According to SUPRE, the World Health Organization’s worldwide initiative for the prevention of suicide, by 2020 over 1.5 million people will die from suicide every year— one death every 20 seconds. 1 Informed estimates suggest that the number of people who attempt suicide annually may be 10 to 20 times that number, 2 and some researchers estimate that there may be as many as 40 attempts for every completed suicide. 3 In the United States an average of 538,000 suicide attempts was reported annually between 2005 and 2008. 4 Many individuals will attempt suicide once or several times in their lifetimes without completing suicide; it is well known, however, that individuals who have attempted suicide are at an increased risk for recurrence 5–7 and are more likely to be completers. 8,9 In fact, a meta-analysis of psychological autopsy studies found that about 40% of suicides had been preceded by at least one previous, nonfatal attempt. 10
Repetition rates vary greatly as time passes from the initial attempt.
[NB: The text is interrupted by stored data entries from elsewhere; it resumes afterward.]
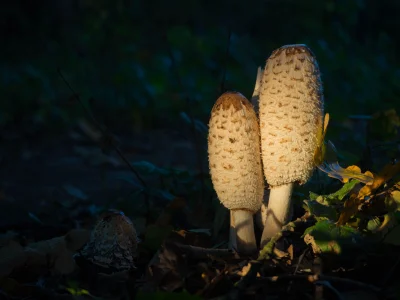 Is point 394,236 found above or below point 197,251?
above

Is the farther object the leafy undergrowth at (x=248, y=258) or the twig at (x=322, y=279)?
the leafy undergrowth at (x=248, y=258)

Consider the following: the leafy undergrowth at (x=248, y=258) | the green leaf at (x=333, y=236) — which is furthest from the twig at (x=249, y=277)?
the green leaf at (x=333, y=236)

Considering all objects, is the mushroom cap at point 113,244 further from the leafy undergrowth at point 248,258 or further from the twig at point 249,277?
the twig at point 249,277

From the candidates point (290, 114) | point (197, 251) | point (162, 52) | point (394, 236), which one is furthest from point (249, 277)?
point (162, 52)

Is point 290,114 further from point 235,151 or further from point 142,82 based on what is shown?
point 142,82

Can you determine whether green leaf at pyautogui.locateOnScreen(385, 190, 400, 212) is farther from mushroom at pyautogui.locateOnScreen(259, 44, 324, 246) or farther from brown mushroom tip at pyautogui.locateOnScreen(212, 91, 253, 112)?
brown mushroom tip at pyautogui.locateOnScreen(212, 91, 253, 112)

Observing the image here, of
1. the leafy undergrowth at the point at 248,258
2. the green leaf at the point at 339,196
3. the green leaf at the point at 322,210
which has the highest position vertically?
the green leaf at the point at 339,196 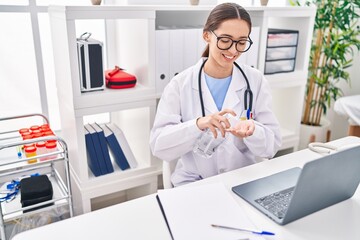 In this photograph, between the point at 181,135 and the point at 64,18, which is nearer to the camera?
the point at 181,135

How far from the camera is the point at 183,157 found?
1.47 meters

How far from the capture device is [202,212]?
94 cm

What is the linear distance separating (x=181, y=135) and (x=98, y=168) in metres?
0.72

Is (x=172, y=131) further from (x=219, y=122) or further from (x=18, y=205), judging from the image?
(x=18, y=205)

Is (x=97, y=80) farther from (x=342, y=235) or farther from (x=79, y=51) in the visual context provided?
(x=342, y=235)

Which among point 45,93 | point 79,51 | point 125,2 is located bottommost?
point 45,93

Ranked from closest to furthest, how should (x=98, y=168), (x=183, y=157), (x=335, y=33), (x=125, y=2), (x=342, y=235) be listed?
(x=342, y=235), (x=183, y=157), (x=98, y=168), (x=125, y=2), (x=335, y=33)

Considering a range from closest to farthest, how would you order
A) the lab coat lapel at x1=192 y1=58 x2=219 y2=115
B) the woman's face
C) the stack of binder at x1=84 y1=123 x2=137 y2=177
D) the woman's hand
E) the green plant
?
1. the woman's hand
2. the woman's face
3. the lab coat lapel at x1=192 y1=58 x2=219 y2=115
4. the stack of binder at x1=84 y1=123 x2=137 y2=177
5. the green plant

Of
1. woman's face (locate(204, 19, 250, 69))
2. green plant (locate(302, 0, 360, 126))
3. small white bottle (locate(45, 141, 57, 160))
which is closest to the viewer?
woman's face (locate(204, 19, 250, 69))

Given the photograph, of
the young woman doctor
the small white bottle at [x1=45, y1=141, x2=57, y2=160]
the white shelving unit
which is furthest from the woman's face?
the small white bottle at [x1=45, y1=141, x2=57, y2=160]

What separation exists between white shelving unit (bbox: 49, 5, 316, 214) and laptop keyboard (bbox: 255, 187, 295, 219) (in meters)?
0.95

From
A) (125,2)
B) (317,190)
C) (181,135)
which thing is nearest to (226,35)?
(181,135)

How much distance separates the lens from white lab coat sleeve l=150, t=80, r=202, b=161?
130 centimetres

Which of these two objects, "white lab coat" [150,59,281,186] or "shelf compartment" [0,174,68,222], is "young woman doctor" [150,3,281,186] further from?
"shelf compartment" [0,174,68,222] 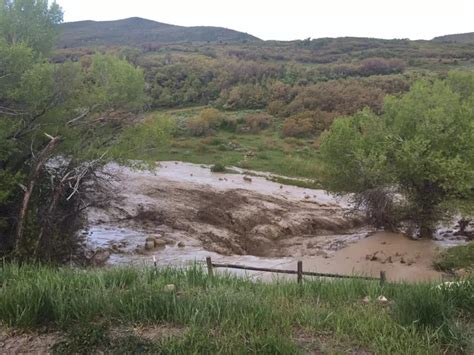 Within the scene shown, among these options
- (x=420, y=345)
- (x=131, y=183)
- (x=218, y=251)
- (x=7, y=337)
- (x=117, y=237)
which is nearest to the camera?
(x=420, y=345)

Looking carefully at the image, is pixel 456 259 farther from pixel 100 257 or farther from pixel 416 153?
pixel 100 257

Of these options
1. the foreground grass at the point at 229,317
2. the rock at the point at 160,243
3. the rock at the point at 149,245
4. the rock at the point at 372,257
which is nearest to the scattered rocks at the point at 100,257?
the rock at the point at 149,245

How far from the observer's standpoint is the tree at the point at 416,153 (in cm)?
1997

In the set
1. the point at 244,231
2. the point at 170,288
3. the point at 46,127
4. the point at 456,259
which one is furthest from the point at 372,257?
the point at 170,288

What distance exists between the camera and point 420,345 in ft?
18.1

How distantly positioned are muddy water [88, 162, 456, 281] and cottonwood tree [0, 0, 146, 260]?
215cm

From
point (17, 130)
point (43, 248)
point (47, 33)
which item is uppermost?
point (47, 33)

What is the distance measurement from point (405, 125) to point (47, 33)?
49.1 feet

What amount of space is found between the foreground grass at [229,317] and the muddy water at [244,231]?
8328 mm

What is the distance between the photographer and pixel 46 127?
16531mm

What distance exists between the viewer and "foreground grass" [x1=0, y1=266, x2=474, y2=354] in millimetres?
5562

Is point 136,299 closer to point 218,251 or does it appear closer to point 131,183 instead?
point 218,251

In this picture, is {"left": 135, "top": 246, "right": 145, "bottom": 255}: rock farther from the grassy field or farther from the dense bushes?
the dense bushes

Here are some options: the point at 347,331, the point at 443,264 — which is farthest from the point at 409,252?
the point at 347,331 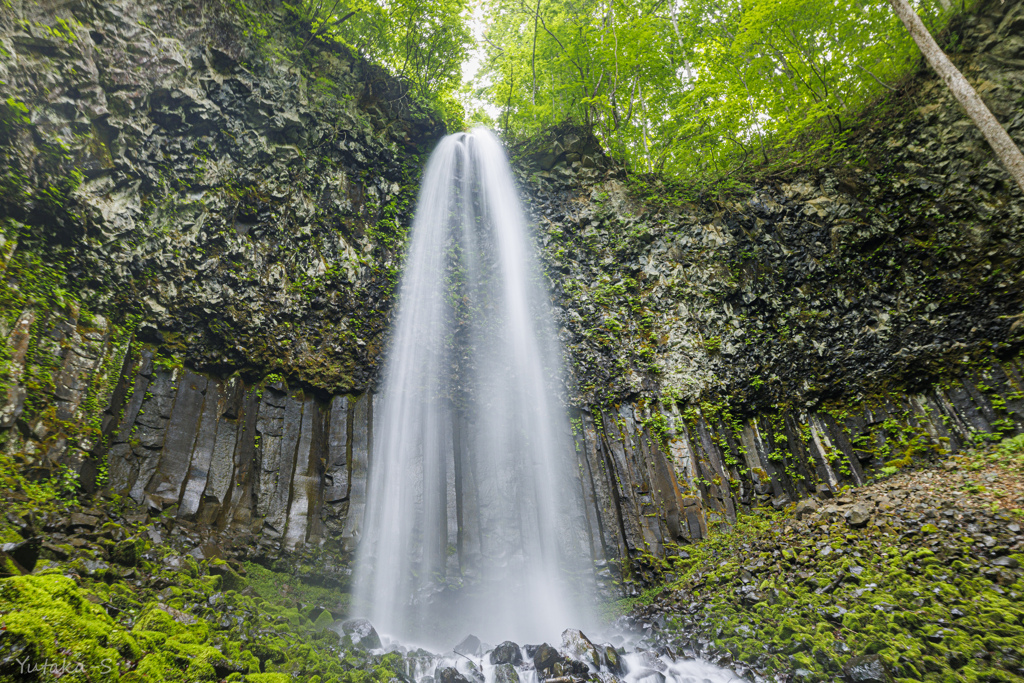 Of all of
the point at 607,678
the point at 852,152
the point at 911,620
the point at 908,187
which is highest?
the point at 852,152

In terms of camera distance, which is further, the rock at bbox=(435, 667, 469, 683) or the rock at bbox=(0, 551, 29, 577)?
the rock at bbox=(435, 667, 469, 683)

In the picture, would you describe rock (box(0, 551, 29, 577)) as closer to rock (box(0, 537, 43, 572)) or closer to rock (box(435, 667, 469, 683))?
rock (box(0, 537, 43, 572))

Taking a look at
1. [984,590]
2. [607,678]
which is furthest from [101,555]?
[984,590]

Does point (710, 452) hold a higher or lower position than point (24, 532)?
higher

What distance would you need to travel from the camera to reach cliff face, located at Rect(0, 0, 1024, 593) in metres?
6.89

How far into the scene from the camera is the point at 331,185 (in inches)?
428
In addition, the rates are dependent on the type of population being analyzed. Ruengorn, 7 Spirito, 11 and their colleagues found that nearly 40% of suicide attempters made a new attempt within 90 days of leaving hospitalized care. In the 1–2 years following discharge, the repetition rate of patients treated at medical emergency units varied from 14% to 25%. 12–15 When longer follow-ups were considered (4–10 years), the rate of suicide reattempts ranged from 20% to 55%. 16–20 Owens and colleagues, 21 in a systematic review of 90 studies analyzing the repetition of nonfatal self-harm in inpatient units and emergency departments, found that the repetition rate was 16% during the first year of follow-up, 21% from the second to the fourth year, and 23% after the fourth year. The evolution of repetition rates in suicide reattempters (SRs) could reflect a persistent vulnerability, which is in accordance with the stress-diathesis model of suicidal behavior. 22 This vulnerability could be increased during suicidal crises, coinciding with adverse life events or psychopathological changes.
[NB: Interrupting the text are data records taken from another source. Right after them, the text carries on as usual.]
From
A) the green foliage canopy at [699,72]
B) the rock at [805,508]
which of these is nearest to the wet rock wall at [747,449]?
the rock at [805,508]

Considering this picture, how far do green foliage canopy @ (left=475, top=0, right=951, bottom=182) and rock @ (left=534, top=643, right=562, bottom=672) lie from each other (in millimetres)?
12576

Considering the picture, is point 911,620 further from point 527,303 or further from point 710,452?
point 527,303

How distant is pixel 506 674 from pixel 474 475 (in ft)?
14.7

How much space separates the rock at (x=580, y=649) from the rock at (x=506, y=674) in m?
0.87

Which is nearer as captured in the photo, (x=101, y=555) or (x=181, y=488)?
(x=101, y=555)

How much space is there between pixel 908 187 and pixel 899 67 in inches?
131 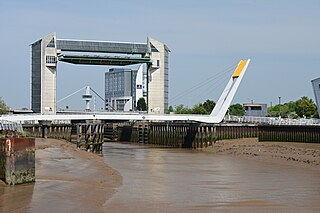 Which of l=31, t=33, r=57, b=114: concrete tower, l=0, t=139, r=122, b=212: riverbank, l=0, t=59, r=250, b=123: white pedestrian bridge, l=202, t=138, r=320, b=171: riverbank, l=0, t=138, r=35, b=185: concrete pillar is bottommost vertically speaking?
l=202, t=138, r=320, b=171: riverbank

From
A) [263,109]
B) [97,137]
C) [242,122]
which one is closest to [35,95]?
[242,122]

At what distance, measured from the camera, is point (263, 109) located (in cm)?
19800

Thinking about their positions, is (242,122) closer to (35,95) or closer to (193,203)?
(35,95)

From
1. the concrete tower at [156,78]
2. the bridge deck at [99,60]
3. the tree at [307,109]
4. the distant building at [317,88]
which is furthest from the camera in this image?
the tree at [307,109]

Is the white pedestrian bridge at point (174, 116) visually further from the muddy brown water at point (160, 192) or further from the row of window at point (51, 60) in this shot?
the muddy brown water at point (160, 192)

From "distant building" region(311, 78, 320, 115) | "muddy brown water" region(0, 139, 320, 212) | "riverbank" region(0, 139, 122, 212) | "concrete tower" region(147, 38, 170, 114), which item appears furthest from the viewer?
"concrete tower" region(147, 38, 170, 114)

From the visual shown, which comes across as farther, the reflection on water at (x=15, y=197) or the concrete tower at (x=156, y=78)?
the concrete tower at (x=156, y=78)

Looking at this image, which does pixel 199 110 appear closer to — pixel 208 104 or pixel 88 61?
pixel 208 104

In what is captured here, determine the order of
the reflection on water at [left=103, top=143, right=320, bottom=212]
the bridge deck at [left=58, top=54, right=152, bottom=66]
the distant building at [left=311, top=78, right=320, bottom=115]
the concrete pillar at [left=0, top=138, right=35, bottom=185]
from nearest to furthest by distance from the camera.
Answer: the reflection on water at [left=103, top=143, right=320, bottom=212]
the concrete pillar at [left=0, top=138, right=35, bottom=185]
the distant building at [left=311, top=78, right=320, bottom=115]
the bridge deck at [left=58, top=54, right=152, bottom=66]

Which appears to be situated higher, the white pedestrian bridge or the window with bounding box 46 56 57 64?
the window with bounding box 46 56 57 64

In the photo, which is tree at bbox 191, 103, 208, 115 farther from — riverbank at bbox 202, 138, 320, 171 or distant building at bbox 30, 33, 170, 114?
riverbank at bbox 202, 138, 320, 171

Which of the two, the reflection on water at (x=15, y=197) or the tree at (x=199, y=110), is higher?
the tree at (x=199, y=110)

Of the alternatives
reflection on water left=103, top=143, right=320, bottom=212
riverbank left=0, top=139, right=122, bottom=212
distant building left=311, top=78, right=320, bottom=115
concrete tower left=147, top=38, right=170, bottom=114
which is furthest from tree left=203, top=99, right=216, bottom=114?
riverbank left=0, top=139, right=122, bottom=212

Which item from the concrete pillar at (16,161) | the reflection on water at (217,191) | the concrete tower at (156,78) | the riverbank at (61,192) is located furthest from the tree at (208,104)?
the concrete pillar at (16,161) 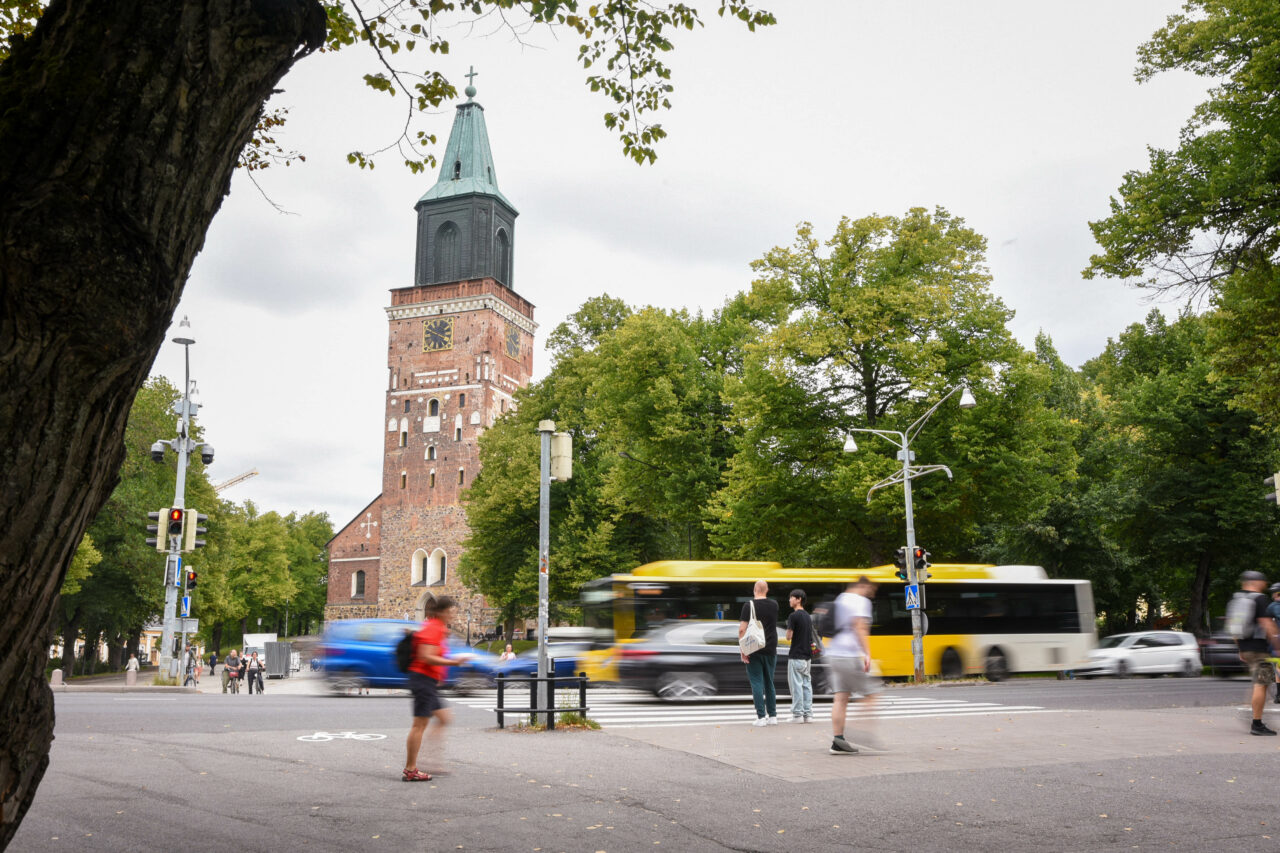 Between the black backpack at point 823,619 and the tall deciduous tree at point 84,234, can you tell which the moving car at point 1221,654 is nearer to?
the black backpack at point 823,619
Although in recent years research on SRs has grown, further studies on this specific population are needed 23–25 since much of the literature makes no distinction between single (that is, one time only) suicide attempters (SAs) and SRs. 26,27 Some authors have suggested that SRs are a clinically distinct group with greater levels of pathology and risk for future suicide attempts and death by suicide. 26,28 If unique characteristics can distinguish SRs from SAs, an increased understanding of these factors will help clinicians and researchers to identify high-risk groups. In addition, a better understanding of SRs could lead to interventions specifically tailored to prevent repetitive suicidal behavior and future suicides. Therefore, given the possibility that SRs and SAs may be differentiated as two clinically distinct groups, this review seeks to identify key demographic, psychological, and clinical variables associated with SRs and discern the operational definitions of repeated suicide attempts that have been proposed in the literature.
Literature Search Strategy
Searches for articles were carried out in the electronic databases PubMed, PsycINFO, and Web of Science. The core set of keywords to identify articles was as follows: multiple suicide attempters; recurrent suicide attempts; repeated suicide attempt; repetition suicide attempt; reattempts AND suicide; suicide attempts AND multiple, several, frequent, repeaters, reattempts, OR recurrent. The keywords were limited to the title and abstracts. The abstracts of the retrieved articles were then checked by applying the eligibility criteria. In cases of doubt, full articles were read.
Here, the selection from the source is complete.